I am a part cheerleader and part lifeguard, also known as a surf instructor at Surf Sister Surf School in Tofino. You can catch me out there with the ‘pink tide’ at Cox Bay all summer long.
In addition to teaching surfing, I also shoot weddings and other happy things like engagements and maternity photos.
Where are you originally from? What brought you to the coast?
I am originally from Ottawa, Ontario. After leaving the photojournalism industry I travelled for three years, in different countries people would continue to tell me to go back to Canada and live in Tofino. So, as soon as I got back I knew exactly where I was headed.
Do you consider photography a hobby? Or would you like to make it a career?
That is hard to answer. It has been a career in the past and I can see it being a career in the future. Right now, I am just having so much fun with it I want to see where it goes.
Off the top of my head, you are the only female to really pursue surf photography on the coast. Why do you think that is?
Not that it is necessarily hard, but there are physical risks not only to the shooter but also to camera gear when you are shooting in the water. To me, I think that is the best part and is what makes it so satisfying for me when I get a photo I like, but I can see it being intimidating to anyone, male or female.
With my background in journalism I love the challenge of working in chaotic conditions, so to me swimming in the cold water against pounding waves with surfboards flying at my head while trying to make art, just makes sense.
In a male dominant industry, how are you going to separate yourself as an up and coming female photographer?
I do know I will be focusing mostly on female surfers. There are such incredible female surfers not only in Canada but worldwide and I think that the female surf industry has become ridiculously sexualized. My ultimate goal is to celebrate female surfing. When it comes to longboarding I think females have an upper hand, their grace and elegance on a longboard is hard to beat. Men might generally paddle into gnarlier waves but they can’t often dance on a 9”5ft log like so many of the women in Tofino can.
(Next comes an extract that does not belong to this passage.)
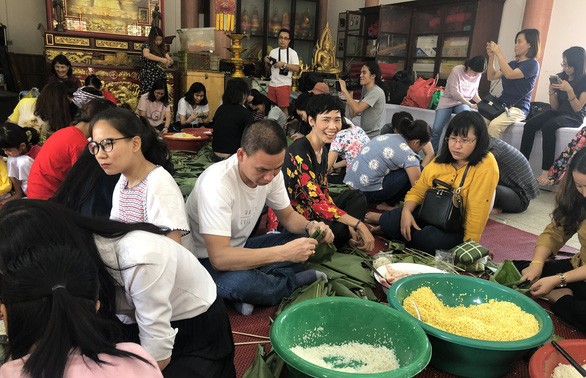 ชาวเวียดนามและนักศึกษาเวียดนามในกรุงเทพฯ ประเทศไทย ร่วมกันห่อขนมข้าวต้มมัดใหญ่เพื่อฉลองตรุษเต๊ตปีกุน 2019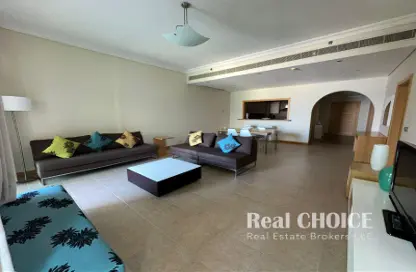 Apartment - 2 Bedrooms - 3 Bathrooms for rent in Al Das - Shoreline Apartments - Palm Jumeirah - Dubai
I want to capture that.
I think my photos might end up a little bit artsier, it is mostly because I love light, I love light so much and I get really excited about working with different types of light. That being said my style is always changing, I was taught to “shoot tight, crop tighter” but now I like to shoot loose and gets artsy as hell.
What advice do you have for someone just picking up a camera?
Shoot only what makes your heart race and gives you butterflies in all the right ways.
You recently invested a water housing, how’s that been going?
It is so much fun. I never thought I could have that much fun with my camera, but it is also so much swimming. At first, it was definitely challenging, but I think once I realized that my wetsuit would prevent me from drowning, it is actually way easier than I thought it would be. I can deal with 85 set waves to the head, but I haven’t gotten used to swimming in the rips yet.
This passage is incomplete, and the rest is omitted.